JAKARTA – Pembentukan Panitia Khusus (Pansus) Penyelesaian Konflik Agraria oleh DPR RI pada 2 Oktober 2025 dinilai sebagai langkah maju untuk menuntaskan sengketa tanah yang menahun. Namun, langkah ini dibayangi potensi konflik kepentingan, terutama mengingat komposisi anggota Pansus.
Pansus yang dijadwalkan mulai bekerja pada November 2025 ini menghadapi tugas berat, mulai dari sengketa di kawasan hutan konservasi hingga benturan kebijakan tanah adat.

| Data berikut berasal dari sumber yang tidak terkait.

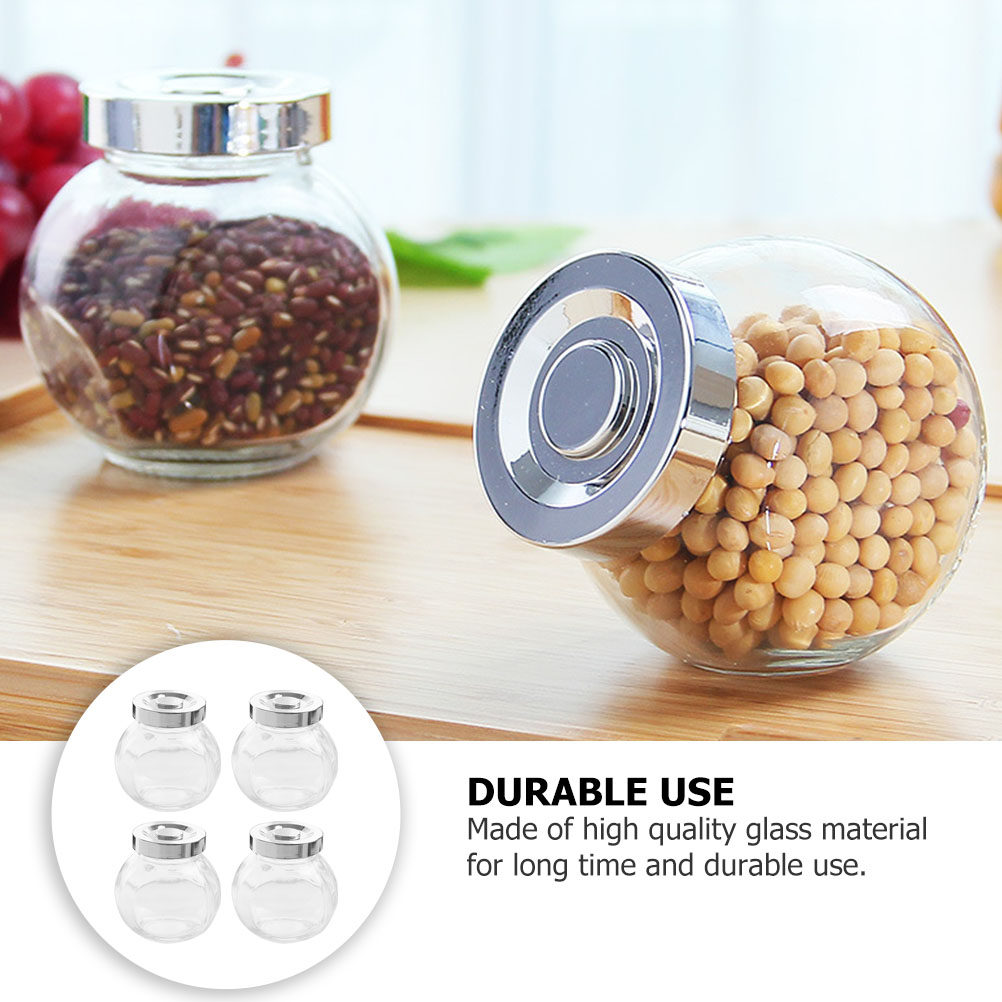 8 Pots de Conservation en Verr - Food Storage Jars & Containers avis et prix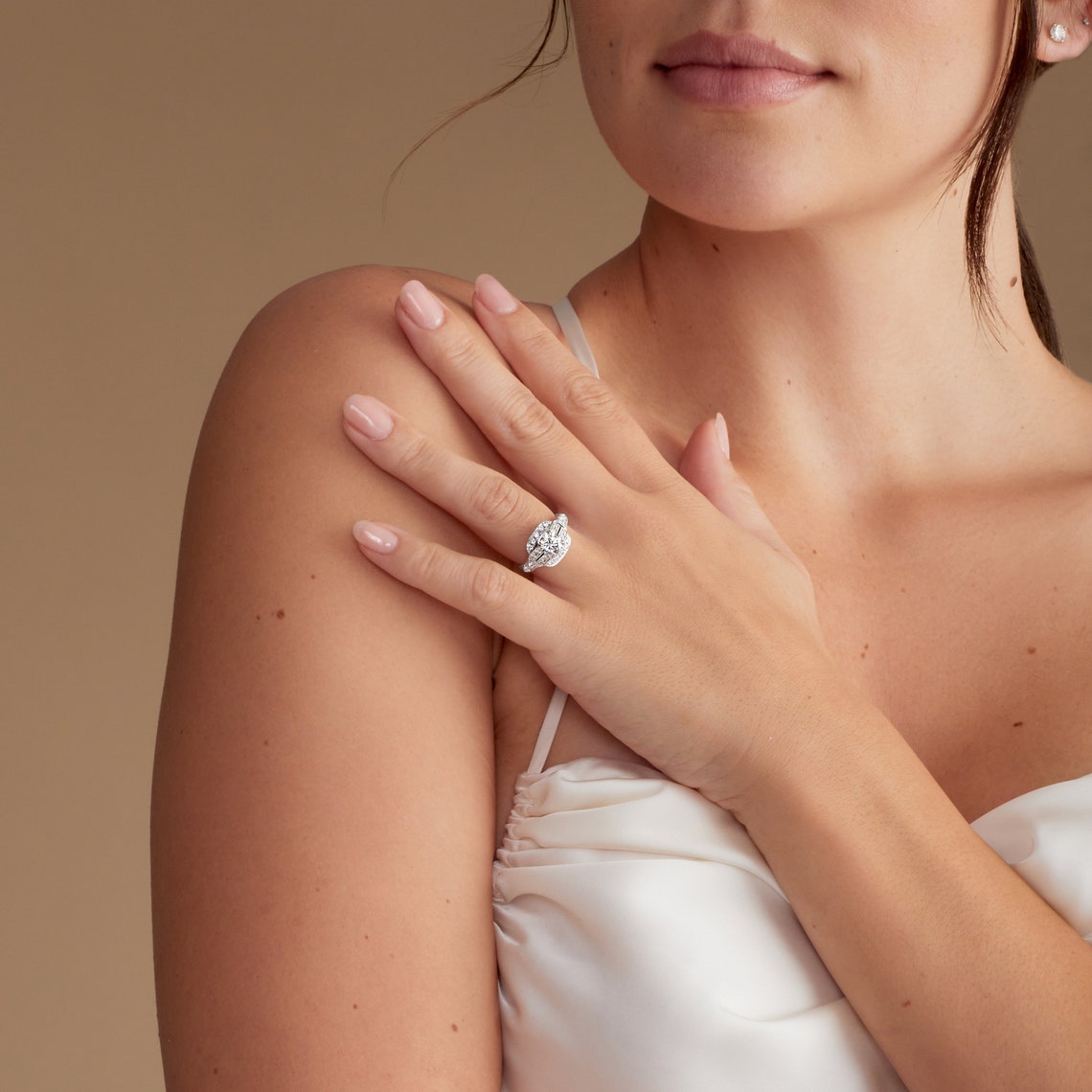 Vintage engagement ring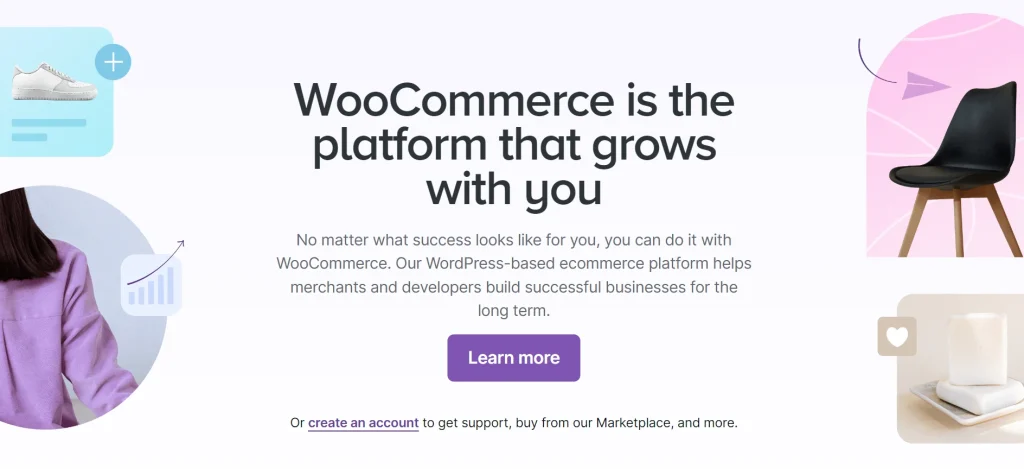 woocommerce website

Peneliti Politik Badan Riset dan Inovasi Nasional (BRIN), Wasisto Raharjo Jati, mengingatkan bahwa tantangan terbesar Pansus Agraria adalah menjaga independensi dan memastikan Pansus tidak hanya menjadi "proyek politik yang menguap di tengah jalan."
Sorotan terhadap Komposisi Anggota Pansus
Wasisto menyoroti kekhawatiran publik terhadap independensi Pansus karena sebagian anggotanya masih diisi oleh figur-figur yang dekat dengan jaringan kekuasaan masa lalu atau era Orde Baru.
"Hal ini yang sepertinya menjadi tantangan tersendiri karena apabila itu bersentuhan dengan lahan miliknya penguasa, berpotensi menimbulkan konflik kepentingan," kata Wasisto, Rabu (29/10/2025).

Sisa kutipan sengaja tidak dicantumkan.